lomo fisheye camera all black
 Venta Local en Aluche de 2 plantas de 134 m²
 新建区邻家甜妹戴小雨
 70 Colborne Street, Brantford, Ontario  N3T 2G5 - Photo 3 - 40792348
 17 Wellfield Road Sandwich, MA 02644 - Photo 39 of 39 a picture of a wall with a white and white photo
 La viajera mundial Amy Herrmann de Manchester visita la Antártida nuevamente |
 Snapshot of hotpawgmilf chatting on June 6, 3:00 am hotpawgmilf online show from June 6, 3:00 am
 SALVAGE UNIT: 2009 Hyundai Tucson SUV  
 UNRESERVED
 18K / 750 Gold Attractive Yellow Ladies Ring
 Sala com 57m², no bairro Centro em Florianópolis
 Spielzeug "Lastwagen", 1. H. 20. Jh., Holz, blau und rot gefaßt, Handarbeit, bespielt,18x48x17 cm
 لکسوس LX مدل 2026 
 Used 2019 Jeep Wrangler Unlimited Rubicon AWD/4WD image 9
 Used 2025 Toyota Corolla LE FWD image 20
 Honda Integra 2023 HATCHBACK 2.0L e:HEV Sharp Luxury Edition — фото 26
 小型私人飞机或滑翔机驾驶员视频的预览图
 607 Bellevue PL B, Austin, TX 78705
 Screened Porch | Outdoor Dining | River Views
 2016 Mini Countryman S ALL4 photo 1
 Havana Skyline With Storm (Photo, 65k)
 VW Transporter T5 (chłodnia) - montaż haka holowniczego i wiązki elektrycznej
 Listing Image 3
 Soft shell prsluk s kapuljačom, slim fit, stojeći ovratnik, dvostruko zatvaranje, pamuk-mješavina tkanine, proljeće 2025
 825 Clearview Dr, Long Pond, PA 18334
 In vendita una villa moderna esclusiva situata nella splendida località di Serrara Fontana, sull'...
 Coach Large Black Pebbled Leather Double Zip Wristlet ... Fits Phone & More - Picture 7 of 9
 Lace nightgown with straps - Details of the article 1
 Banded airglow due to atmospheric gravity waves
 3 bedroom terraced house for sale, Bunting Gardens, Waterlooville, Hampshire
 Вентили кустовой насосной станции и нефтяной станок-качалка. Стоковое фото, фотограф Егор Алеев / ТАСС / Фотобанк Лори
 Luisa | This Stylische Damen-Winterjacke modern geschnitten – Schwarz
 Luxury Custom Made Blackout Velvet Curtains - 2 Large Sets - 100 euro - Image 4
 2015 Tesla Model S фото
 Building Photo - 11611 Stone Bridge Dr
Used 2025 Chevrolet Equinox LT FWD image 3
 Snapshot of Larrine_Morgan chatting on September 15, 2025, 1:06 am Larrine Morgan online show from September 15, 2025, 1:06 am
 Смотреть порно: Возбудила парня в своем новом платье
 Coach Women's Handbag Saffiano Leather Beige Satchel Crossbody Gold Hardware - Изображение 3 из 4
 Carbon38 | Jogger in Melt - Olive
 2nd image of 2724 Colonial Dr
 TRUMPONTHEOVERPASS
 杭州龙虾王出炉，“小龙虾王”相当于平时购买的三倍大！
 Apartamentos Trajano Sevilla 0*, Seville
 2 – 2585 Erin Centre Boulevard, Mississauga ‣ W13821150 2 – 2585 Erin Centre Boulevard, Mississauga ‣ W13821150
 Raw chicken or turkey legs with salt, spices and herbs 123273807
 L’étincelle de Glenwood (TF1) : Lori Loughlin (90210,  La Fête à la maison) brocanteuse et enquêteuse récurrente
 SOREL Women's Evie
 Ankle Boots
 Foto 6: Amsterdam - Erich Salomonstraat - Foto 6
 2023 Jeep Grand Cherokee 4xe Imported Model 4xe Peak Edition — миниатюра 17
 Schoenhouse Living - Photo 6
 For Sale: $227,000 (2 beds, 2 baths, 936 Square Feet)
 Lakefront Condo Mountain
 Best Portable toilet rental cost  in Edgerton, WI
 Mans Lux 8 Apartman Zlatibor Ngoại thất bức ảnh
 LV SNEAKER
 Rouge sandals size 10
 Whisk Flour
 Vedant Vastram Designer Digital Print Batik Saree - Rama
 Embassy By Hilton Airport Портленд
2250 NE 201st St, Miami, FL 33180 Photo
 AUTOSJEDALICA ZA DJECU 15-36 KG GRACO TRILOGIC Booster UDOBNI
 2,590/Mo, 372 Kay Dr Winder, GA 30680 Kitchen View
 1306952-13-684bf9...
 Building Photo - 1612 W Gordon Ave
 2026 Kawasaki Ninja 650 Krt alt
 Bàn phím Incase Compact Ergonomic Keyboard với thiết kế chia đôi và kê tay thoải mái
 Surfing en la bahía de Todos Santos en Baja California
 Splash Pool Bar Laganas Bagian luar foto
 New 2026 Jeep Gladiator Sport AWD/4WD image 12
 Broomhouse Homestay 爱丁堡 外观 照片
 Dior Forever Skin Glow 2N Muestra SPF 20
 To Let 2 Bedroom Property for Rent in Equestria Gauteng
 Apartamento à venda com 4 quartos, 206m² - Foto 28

==============================

▸ **The task**:
Work out how many lines above contain "Snapshot", then write only that number.

▸ **Output**:
2